White stone rose and broke into balconies, platforms, suspended walkways, shattered edges, and exposed levels stacked one above another. It looked less like a floor and more like the inner bones of some dead structure folded into the tower’s body. On those balconies stood the Ragged Duelists.
Humanoid Soul Beasts with worn gray skin, ragged cloth hanging off them like the remains of old beggars, dented shields, spears, axes, and serrated swords. Some waited near the black orbs embedded into the architecture of the floor. Others stood motionless against pillars or railings like corpses left upright out of spite.
And above them, around them, in the cracks and across the walls, more spiders.

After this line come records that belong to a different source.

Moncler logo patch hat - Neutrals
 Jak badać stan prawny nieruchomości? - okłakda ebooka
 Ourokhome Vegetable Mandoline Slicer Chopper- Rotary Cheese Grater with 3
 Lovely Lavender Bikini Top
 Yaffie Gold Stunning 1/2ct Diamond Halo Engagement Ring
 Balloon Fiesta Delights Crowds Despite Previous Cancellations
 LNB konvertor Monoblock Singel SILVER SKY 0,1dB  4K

The floor heard them coming.
One Ragged Duelist moved first, drawn by the noise of more than fifty people climbing into its hall. Another followed. Across the balconies, shapes began turning toward the sound, slow at first, until that dead reluctance vanished and the whole level woke at once.
What happened next made even the people in front hesitate.
The Ragged Duelists did not climb down.
They walked straight off the balconies.
Not with the stiffness of ordinary bodies either. They dropped in loose, horrible folds, as if someone had ripped the bones out of them before pushing them over the edge. Those falling from the highest levels hit the lower stone with enough force to break apart completely. Their Soul Cores surfaced among the wreckage.
Others hit, bent in impossible ways, and rose with weapons already in hand.
The third floor had answered the noise.